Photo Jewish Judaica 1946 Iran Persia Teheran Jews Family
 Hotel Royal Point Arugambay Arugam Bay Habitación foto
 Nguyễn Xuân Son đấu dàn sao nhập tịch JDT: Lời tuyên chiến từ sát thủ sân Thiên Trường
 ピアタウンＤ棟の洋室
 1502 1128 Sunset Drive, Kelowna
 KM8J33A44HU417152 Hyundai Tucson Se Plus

━━━━━━━━━━━━━━━━

## [Task to carry out]
The response must consist solely of the lines from the one with "Nguyễn Xuân Son" through the end of the listing above, copied exactly; please include the first and the last.

## [Answer space]
 Nguyễn Xuân Son đấu dàn sao nhập tịch JDT: Lời tuyên chiến từ sát thủ sân Thiên Trường
 ピアタウンＤ棟の洋室
 1502 1128 Sunset Drive, Kelowna
 KM8J33A44HU417152 Hyundai Tucson Se Plus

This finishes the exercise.